Of course, the blame for this loss squarely lies on the Elasto Painters. They had a big lead, but didn’t protect it and in the fourth, SMC missed three very crucial free throws and yet they couldn’t convert their shots to take advantage of the multiple opportunities.
ROS also gave up a number of crucial turnovers in the fourth when Coach Tim Cone stuck with the Barroca – Melton backcourt that was able to put a lot of pressure on ROS’ perimeter players and passing.
Now, to address the final play between Paul Lee and Mark Pingris.
My opinion on it is this:
- Did Mark Pingris violate the rule of verticality by jumping forward?
Yes. Pingris jumped forward to contest Lee’s shot after the latter stepped back to create space.
- Did Paul Lee initiate contact?
Yes. While it can be argued that the contact was part of Lee’s shooting action, I still feel that Lee leaned into Pingris a bit too much.

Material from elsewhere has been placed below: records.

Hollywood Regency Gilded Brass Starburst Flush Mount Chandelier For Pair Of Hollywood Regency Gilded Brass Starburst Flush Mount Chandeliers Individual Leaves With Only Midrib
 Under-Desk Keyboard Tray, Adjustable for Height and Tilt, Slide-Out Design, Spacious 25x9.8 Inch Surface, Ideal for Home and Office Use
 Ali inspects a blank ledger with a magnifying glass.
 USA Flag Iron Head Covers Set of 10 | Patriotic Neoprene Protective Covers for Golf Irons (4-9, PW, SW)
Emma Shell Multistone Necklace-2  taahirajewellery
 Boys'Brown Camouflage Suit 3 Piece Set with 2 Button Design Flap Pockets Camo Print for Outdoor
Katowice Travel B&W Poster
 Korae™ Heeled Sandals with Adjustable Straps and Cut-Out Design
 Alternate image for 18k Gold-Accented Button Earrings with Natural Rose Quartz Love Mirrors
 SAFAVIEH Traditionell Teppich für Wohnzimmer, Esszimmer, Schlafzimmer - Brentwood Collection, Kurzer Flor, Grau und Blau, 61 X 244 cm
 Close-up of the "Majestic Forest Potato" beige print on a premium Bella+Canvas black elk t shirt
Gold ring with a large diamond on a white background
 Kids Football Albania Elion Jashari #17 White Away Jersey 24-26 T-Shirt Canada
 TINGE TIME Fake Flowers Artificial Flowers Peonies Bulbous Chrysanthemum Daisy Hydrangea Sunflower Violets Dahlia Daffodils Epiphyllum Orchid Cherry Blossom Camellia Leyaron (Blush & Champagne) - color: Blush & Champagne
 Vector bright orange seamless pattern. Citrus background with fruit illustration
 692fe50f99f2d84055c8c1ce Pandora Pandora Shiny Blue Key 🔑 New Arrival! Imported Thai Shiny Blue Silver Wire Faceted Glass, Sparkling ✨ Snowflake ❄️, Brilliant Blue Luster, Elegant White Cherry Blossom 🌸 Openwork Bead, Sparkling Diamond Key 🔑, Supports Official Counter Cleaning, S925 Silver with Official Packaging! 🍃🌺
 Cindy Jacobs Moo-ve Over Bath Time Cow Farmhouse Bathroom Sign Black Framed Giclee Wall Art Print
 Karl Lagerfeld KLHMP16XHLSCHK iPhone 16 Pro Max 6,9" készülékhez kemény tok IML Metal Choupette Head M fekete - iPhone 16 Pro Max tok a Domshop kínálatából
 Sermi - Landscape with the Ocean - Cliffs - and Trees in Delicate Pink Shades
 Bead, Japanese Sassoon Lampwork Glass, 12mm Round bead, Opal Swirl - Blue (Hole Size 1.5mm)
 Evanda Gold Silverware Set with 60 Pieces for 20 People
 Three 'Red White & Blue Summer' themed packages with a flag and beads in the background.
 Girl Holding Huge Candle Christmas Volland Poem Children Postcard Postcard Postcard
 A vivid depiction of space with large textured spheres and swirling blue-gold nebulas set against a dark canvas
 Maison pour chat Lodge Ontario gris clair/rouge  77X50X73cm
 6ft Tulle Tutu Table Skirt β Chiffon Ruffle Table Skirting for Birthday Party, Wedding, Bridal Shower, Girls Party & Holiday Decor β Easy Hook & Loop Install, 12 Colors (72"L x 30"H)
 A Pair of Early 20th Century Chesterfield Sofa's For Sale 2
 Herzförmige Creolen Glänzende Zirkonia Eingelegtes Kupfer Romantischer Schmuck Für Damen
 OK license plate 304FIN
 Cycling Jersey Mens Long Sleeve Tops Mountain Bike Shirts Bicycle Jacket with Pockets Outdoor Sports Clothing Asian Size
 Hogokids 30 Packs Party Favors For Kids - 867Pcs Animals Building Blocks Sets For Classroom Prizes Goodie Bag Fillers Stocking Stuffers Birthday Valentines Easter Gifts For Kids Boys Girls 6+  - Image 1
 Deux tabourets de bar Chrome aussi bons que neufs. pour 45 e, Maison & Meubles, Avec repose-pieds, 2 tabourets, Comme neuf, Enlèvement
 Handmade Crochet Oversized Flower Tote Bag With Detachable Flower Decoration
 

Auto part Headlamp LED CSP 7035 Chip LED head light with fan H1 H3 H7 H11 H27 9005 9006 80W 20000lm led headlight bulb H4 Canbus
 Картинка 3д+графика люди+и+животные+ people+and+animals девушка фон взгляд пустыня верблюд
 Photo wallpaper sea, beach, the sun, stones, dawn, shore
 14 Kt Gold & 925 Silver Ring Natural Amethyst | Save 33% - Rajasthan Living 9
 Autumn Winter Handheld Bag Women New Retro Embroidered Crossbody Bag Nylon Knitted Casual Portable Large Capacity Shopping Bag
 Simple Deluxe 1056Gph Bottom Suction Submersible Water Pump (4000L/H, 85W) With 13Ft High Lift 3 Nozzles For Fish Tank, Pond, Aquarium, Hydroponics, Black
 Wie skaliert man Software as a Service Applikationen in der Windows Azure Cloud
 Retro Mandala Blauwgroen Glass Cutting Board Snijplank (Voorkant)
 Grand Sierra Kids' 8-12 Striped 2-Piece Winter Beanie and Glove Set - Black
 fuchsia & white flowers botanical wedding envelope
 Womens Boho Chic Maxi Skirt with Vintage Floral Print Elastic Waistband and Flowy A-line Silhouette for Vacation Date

Like the old saying goes, you miss 100 percent of the shots you don’t take. And Lee’s decision to force the referees to make a decision cost ROS a chance to tie the game. The chances of him actually making a miracle shot over the wall that is Pingris are slim at best, but I would’ve appreciated seeing a ball traveling towards the general direction of the basket as compared to bodies slumped on the ground.
So What Now?
Well… the Elasto Painters played as well as they could in some stretches of this game and I am not sure if they have another hot shooting game like this in them. It would benefit them to focus more attention to stopping SMC’s incursions inside, but for the most part, I think ROS should still just continue to play their game and hope that the breaks bounce their way in the next game.